**Instructions to follow**
An exact transcript of the records is what this task asks for.

[Exercise inputs]

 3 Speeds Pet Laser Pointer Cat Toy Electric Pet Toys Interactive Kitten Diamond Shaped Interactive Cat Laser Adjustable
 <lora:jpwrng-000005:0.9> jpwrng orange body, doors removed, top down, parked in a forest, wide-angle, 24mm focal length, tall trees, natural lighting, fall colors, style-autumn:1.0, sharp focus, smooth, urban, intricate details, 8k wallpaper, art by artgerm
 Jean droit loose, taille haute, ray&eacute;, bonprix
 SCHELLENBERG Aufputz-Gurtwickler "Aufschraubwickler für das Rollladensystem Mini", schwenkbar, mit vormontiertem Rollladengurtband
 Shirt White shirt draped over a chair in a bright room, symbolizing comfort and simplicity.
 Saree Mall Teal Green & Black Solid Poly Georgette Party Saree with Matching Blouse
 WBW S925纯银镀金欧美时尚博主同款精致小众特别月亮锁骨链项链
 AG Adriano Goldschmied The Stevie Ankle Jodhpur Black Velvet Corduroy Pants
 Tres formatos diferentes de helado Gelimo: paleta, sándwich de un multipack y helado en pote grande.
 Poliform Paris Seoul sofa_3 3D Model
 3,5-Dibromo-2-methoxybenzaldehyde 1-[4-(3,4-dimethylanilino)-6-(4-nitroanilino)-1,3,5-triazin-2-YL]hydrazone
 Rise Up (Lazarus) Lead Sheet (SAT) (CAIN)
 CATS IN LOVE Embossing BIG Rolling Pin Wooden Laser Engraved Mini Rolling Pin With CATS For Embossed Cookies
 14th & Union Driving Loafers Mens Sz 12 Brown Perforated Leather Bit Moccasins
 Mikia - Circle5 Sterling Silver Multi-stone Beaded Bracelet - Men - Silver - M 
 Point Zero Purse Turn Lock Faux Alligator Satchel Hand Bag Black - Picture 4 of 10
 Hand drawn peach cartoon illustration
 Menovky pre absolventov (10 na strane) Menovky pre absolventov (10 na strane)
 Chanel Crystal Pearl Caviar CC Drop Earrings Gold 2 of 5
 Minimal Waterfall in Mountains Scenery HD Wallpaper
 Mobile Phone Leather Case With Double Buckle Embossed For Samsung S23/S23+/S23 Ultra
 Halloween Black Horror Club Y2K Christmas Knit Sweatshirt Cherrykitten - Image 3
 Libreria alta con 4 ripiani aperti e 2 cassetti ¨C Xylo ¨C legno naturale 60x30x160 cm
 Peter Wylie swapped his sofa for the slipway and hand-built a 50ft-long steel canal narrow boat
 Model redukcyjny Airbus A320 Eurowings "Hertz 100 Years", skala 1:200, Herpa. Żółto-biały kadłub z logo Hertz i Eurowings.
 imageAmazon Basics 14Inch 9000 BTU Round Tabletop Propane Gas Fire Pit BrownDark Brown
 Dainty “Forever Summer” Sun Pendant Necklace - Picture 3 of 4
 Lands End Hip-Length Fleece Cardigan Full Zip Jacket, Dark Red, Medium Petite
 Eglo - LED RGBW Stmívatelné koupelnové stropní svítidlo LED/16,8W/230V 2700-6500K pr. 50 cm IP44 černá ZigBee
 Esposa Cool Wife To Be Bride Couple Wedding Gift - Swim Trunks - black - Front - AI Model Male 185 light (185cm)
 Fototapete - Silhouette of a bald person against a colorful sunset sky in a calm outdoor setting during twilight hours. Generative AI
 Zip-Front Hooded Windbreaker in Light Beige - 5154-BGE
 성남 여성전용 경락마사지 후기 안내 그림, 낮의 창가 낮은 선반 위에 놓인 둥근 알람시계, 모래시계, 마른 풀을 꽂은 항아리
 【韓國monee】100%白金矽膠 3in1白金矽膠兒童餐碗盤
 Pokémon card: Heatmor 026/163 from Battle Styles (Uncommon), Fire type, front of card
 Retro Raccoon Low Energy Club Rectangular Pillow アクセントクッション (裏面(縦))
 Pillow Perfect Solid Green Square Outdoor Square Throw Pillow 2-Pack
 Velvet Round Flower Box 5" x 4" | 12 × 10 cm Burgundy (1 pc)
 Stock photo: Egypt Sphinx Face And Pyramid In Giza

[/Exercise inputs]

**Answer to the problem**
 3 Speeds Pet Laser Pointer Cat Toy Electric Pet Toys Interactive Kitten Diamond Shaped Interactive Cat Laser Adjustable
 <lora:jpwrng-000005:0.9> jpwrng orange body, doors removed, top down, parked in a forest, wide-angle, 24mm focal length, tall trees, natural lighting, fall colors, style-autumn:1.0, sharp focus, smooth, urban, intricate details, 8k wallpaper, art by artgerm
 Jean droit loose, taille haute, ray&eacute;, bonprix
 SCHELLENBERG Aufputz-Gurtwickler "Aufschraubwickler für das Rollladensystem Mini", schwenkbar, mit vormontiertem Rollladengurtband
 Shirt White shirt draped over a chair in a bright room, symbolizing comfort and simplicity.
 Saree Mall Teal Green & Black Solid Poly Georgette Party Saree with Matching Blouse
 WBW S925纯银镀金欧美时尚博主同款精致小众特别月亮锁骨链项链
 AG Adriano Goldschmied The Stevie Ankle Jodhpur Black Velvet Corduroy Pants
 Tres formatos diferentes de helado Gelimo: paleta, sándwich de un multipack y helado en pote grande.
 Poliform Paris Seoul sofa_3 3D Model
 3,5-Dibromo-2-methoxybenzaldehyde 1-[4-(3,4-dimethylanilino)-6-(4-nitroanilino)-1,3,5-triazin-2-YL]hydrazone
 Rise Up (Lazarus) Lead Sheet (SAT) (CAIN)
 CATS IN LOVE Embossing BIG Rolling Pin Wooden Laser Engraved Mini Rolling Pin With CATS For Embossed Cookies
 14th & Union Driving Loafers Mens Sz 12 Brown Perforated Leather Bit Moccasins
 Mikia - Circle5 Sterling Silver Multi-stone Beaded Bracelet - Men - Silver - M 
 Point Zero Purse Turn Lock Faux Alligator Satchel Hand Bag Black - Picture 4 of 10
 Hand drawn peach cartoon illustration
 Menovky pre absolventov (10 na strane) Menovky pre absolventov (10 na strane)
 Chanel Crystal Pearl Caviar CC Drop Earrings Gold 2 of 5
 Minimal Waterfall in Mountains Scenery HD Wallpaper
 Mobile Phone Leather Case With Double Buckle Embossed For Samsung S23/S23+/S23 Ultra
 Halloween Black Horror Club Y2K Christmas Knit Sweatshirt Cherrykitten - Image 3
 Libreria alta con 4 ripiani aperti e 2 cassetti ¨C Xylo ¨C legno naturale 60x30x160 cm
 Peter Wylie swapped his sofa for the slipway and hand-built a 50ft-long steel canal narrow boat
 Model redukcyjny Airbus A320 Eurowings "Hertz 100 Years", skala 1:200, Herpa. Żółto-biały kadłub z logo Hertz i Eurowings.
 imageAmazon Basics 14Inch 9000 BTU Round Tabletop Propane Gas Fire Pit BrownDark Brown
 Dainty “Forever Summer” Sun Pendant Necklace - Picture 3 of 4
 Lands End Hip-Length Fleece Cardigan Full Zip Jacket, Dark Red, Medium Petite
 Eglo - LED RGBW Stmívatelné koupelnové stropní svítidlo LED/16,8W/230V 2700-6500K pr. 50 cm IP44 černá ZigBee
 Esposa Cool Wife To Be Bride Couple Wedding Gift - Swim Trunks - black - Front - AI Model Male 185 light (185cm)
 Fototapete - Silhouette of a bald person against a colorful sunset sky in a calm outdoor setting during twilight hours. Generative AI
 Zip-Front Hooded Windbreaker in Light Beige - 5154-BGE
 성남 여성전용 경락마사지 후기 안내 그림, 낮의 창가 낮은 선반 위에 놓인 둥근 알람시계, 모래시계, 마른 풀을 꽂은 항아리
 【韓國monee】100%白金矽膠 3in1白金矽膠兒童餐碗盤
 Pokémon card: Heatmor 026/163 from Battle Styles (Uncommon), Fire type, front of card
 Retro Raccoon Low Energy Club Rectangular Pillow アクセントクッション (裏面(縦))
 Pillow Perfect Solid Green Square Outdoor Square Throw Pillow 2-Pack
 Velvet Round Flower Box 5" x 4" | 12 × 10 cm Burgundy (1 pc)
 Stock photo: Egypt Sphinx Face And Pyramid In Giza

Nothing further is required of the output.